(Québec) Ian Lafrenière juge « fort de café » la sortie du Collège des médecins contre son projet de loi qui vise à introduire la sécurisation culturelle en santé. Le ministre n’a pas l’intention de revoir sa « position » sur le racisme systémique ni de « corédiger » son texte législatif avec les Premières Nations, comme demandé par l’ordre professionnel.

« J’ai trouvé ça fort en café ce matin, bien honnêtement, mais je suis ici pour les entendre », a lancé le ministre responsable des Relations avec les Premières Nations et les Inuits, à son arrivée aux consultations parlementaires sur le projet de loi 32. Le texte législatif vise à introduire l’approche de sécurisation culturelle dans le réseau de la santé et des services sociaux.

Le ministre Lafrenière réagissait à la sortie du Collège des médecins qui critique fortement la première mouture du projet de loi. L’ordre professionnel a ouvert le bal des consultations, mardi, lors de la rentrée parlementaire à Québec. Au cœur des griefs : le refus du gouvernement Legault de reconnaître l’existence du racisme systémique dans le réseau de la santé.

Lisez le texte « Québec doit reconnaître le racisme systémique, dit le Collège des médecins »

« Ce n’est pas une surprise et ma position ne sera pas une surprise non plus. […] C’est la même », a expliqué M. Lafrenière. D’autres groupes qui seront entendus mardi et mercredi demandent la même chose. C’est le cas du docteur innu Stanley Vollant qui affirmait dans une entrevue au Devoir qu’il faudra « nommer l’éléphant dans la pièce » lors des consultations.

« Ce mot-là, ça divise, on n’arrive pas, on n’arrive pas à se rassembler », a réitéré le ministre. « C’est profond de voir à quel point ça crée un schisme alors présentement Québec, ce qu’on a décidé de faire, c’est de faire un groupe d’actions contre le racisme, d’avoir des actions concrètes, de faire des changements qui sont concrets », a répété M. Lafrenière en mêlée de presse.

Pour le Collège des médecins, « il n’y aura pas de changements » tant et aussi longtemps que le gouvernement ne commencera pas par reconnaître le racisme systémique dans le réseau de la santé. Selon eux, le projet de loi n’est pas assez « contraignant », est exempt « d’empreinte des nations autochtones » et est caractérisé par une approche « colonialiste et paternaliste ».

PHOTO EDOUARD PLANTE-FRÉCHETTE, LA PRESSE

Le DMauril Gaudreault, président du Collège des médecins du Québec

Corédaction

Par ailleurs, Ian Lafrenière a rejeté la demande de l’ordre professionnel qui réclame que le texte législatif soit « coécrit » avec les Premières Nations. Le ministre affirme mercredi avoir été « choqué » par cette critique. Il a rappelé qu’il a besoin de l’appui des médecins pour réussir l’instauration de la sécurisation culturelle dans les hôpitaux et les milieux de soins de la province.

« Avant même de venir ici, on a consulté 13 groupes, dont la Commission de la santé et des services sociaux des Premières Nations du Québec et Labrador », a-t-il plaidé. « Ça voudrait dire quoi [une corédaction] ? […] Est-ce que tout le monde a la même position au Québec même du côté des Premières Nations ? Je ne pense pas […] Je ne vois pas sous quelle forme ça pourrait prendre », a poursuivi le ministre.

En commission parlementaire, M. Lafrenière a affirmé que le gouvernement n’était « jamais allé aussi loin » en consultant des groupes en amont des consultations particulières. Le président du Collège des médecins a rétorqué qu’il est possible d’y arriver expliquant que leur mémoire a été coécrit avec les Premières Nations.

« On n’a pas consulté ces personnes-là, on a écrit le mémoire avec elles.

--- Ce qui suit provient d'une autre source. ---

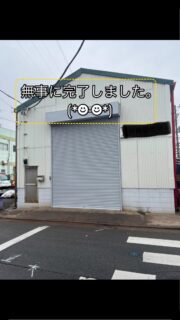 横浜市鶴見区にて中量電動シャッター新規交換工事です。
シャッターが途中までしか上がらないとのことで調査したらギアが欠けてしまっており危険な状態でした。
シャッターの上げ下げおかしいなと思ったら、ご連絡をお願い致します🤲
#三和シヤッター  #中量電動シャッター　#横浜市鶴見区シャッター　#横浜市シャッター修理　#japan_roller_shutter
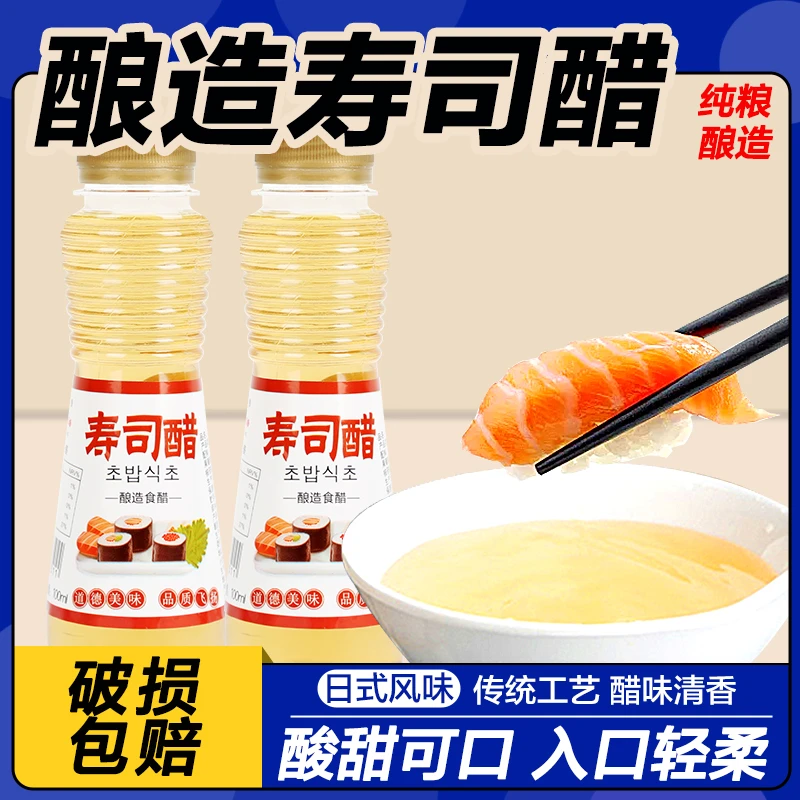 酿造食用小瓶寿司醋做紫菜片包饭日式料理食材配料营养寿司专用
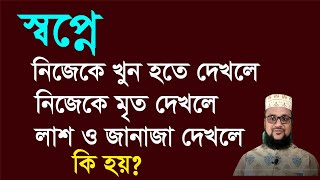 স্বপ্নে নিজেকে মারতে দেখলে ও মৃত দেখলে ও লাশ ও জানাজা দেখলে কি হয়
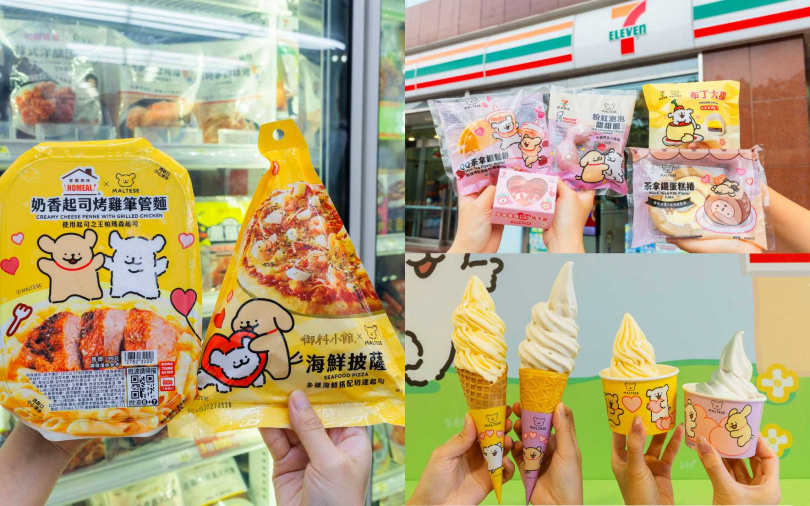 （圖／品牌提供）
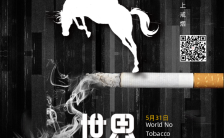 世界无烟日黑色简约大气世界无烟日宣传海报缩略图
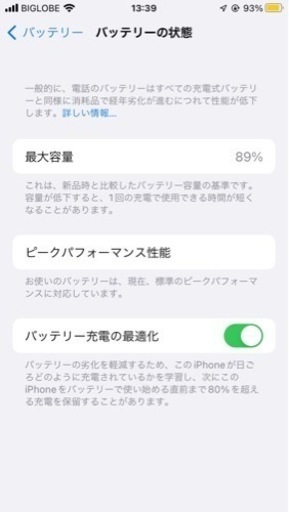 iPhone8 美品
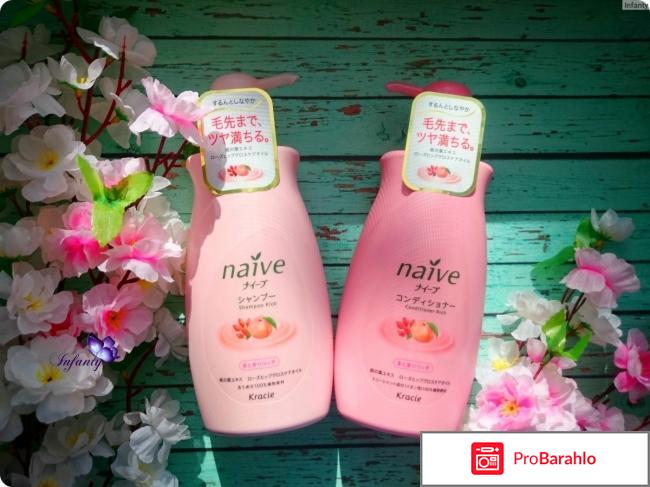 Kracie шампунь отзывы 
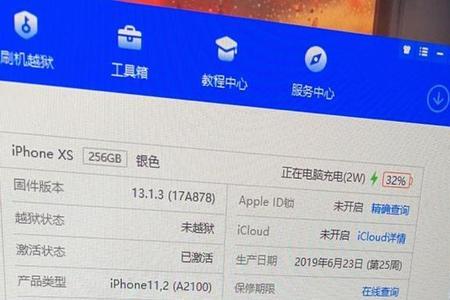 2手美版官换机靠谱吗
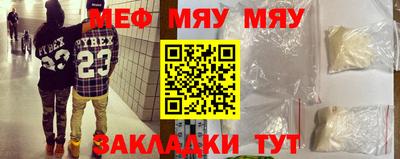 соль курить ск Боровичи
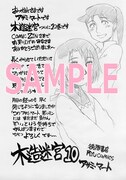 「木造迷宮」10巻購入者に配布される、COMIC ZIN用の特典イラスト。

C’est ça qu’on veut dire par cocréer, coconstruire, coécrire, de le faire ensemble et non pas pour eux ».

Les consultations se poursuivent mercredi. L’Assemblée des Premières Nations Québec-Labrador (APNQL), qui représente 43 chefs autochtones, juge pour sa part le projet de loi « irrespectueux » et ne participera pas aux consultations.

Québec s’est engagé après le décès tragique de Joyce Echaquan, en septembre 2020, à instaurer le concept de sécurisation culturelle dans le réseau de la santé.

Il s’agit aussi d’une recommandation de la Commission d’enquête sur les relations entre les Autochtones et certains services publics au Québec, dite la commission Viens. Fait à noter, le juge à la retraite qui a présidé les travaux, Jacques Viens, sera entendu mercredi.

Qu’est-ce que la sécurisation culturelle ?

La sécurisation culturelle désigne des soins qui sont offerts dans le respect de l’identité culturelle du patient, notamment. L’objectif est entre autres d’accroître le sentiment de sécurité des Autochtones envers les services publics de santé.